On the Windows Home Server question:
Just for the record, we use a Belkin in our office. OTOH, if I have a support question I contact the ISP who supplied it as part of our account. I suppose that's the difference.
And, on the Complex Home Networking question, which I'm getting to in a minute:
As for someone asking why you're using consumer grade gear, just remind them that's the norm for most small businesses where it simply cannot be justified to spend the large sums "enterprise" class gear costs. e.g. Our office wireless AP is a D-Link DIR-615, simply because that's all we need.
What I'm trying to establish here is that what constitutes "professional" products is shaped by each person's experience - and that makes it hard for us to come to an agreement on what goes.
I'll also reference this question - I had an answer migrated to Super User on it, so I don't want anyone to think that I'm just complaining about that.. but I was a little surprised to see a question with an accepted answer with consumer gear but clearly in a workplace setting (one network for employees) migrated.
Don't ask, don't tell?
The other twist here is that the community seems to be just fine with wink-and-a-nod-just-don't-tell-us-it's-in-your-house standard.

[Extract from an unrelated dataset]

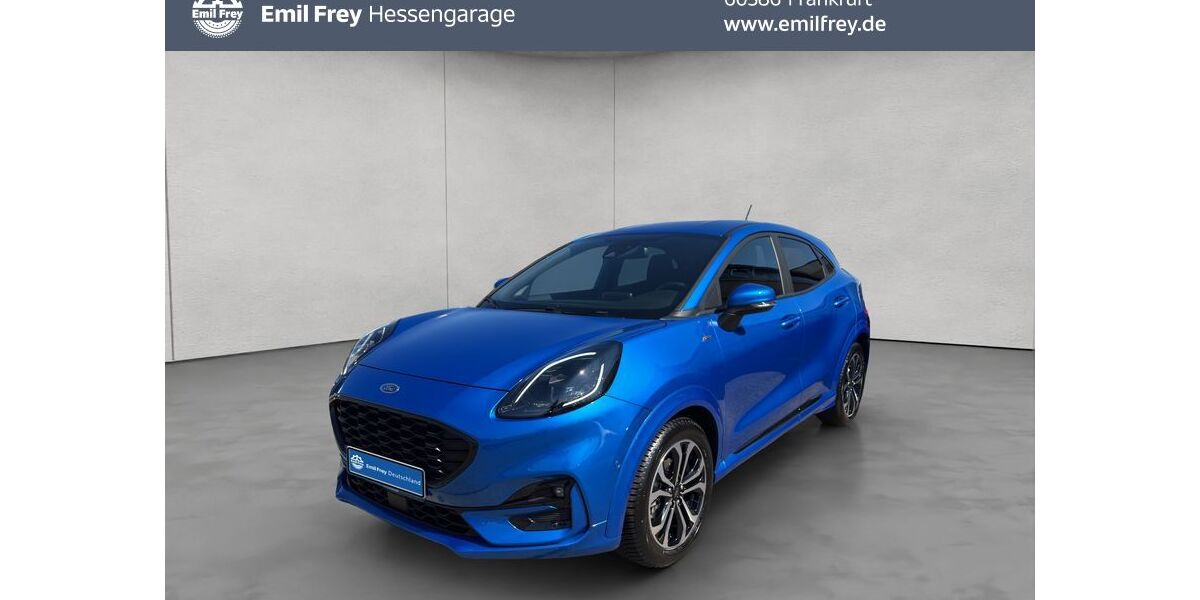 Ford Puma 11.384 km 21.550 &euro; Frankfurt 60386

This is because we have the standard in the first place to keep the questions professional-grade, first and foremost - and if we allow any questions to openly state that they're in a home environment, it will invite a flood of lower quality home environment questions.
The interesting thing with this is that for a well-informed user (one who doesn't say "home" in their question, wink wink), the fate of their question is, at the current time, completely dependent on what equipment they have. I'll hold my own home network out, for example:
- If I ask a question about my WNDR3700 wireless router? Off topic!
- If I ask a question about my ASA 5505? On topic.
- If I ask a question about the hardware on my home-built ESXi 5 box? Off topic!
- If I ask a question about the OS on my home-built ESXi 5 box, without mentioning that it's all consumer parts? On topic.
This seems like a strange state of affairs to me.
What I commented on the VirtualBox question still stands:
While I don't think we should be in the business of deciding what makes sense or doesn't in a business environment, I agree that anything tagged with virtualbox deserves the same long, hard, sideways look that most consumer-grade hardware and software questions get.
It seems that our opinions of which products belong in a professional environment and which don't vary far too much between members of the community for us even come to a consensus on what products belong, to say nothing of actually enforcing that standard effectively.
I'd like to propose that we stop judging questions on whether we consider the products referenced in them to be "professional", and instead judge whether the issue presented in the question itself passes muster - whether it seems that someone's working in a professional environment.
If someone's using consumer gear in the office, let's nudge them in comments about "doing it wrong". If someone's question seems like a thinly-veiled home networking question, let's press them on it. But let's not generate endless discussion and disagreement on product X's appropriateness for the workplace.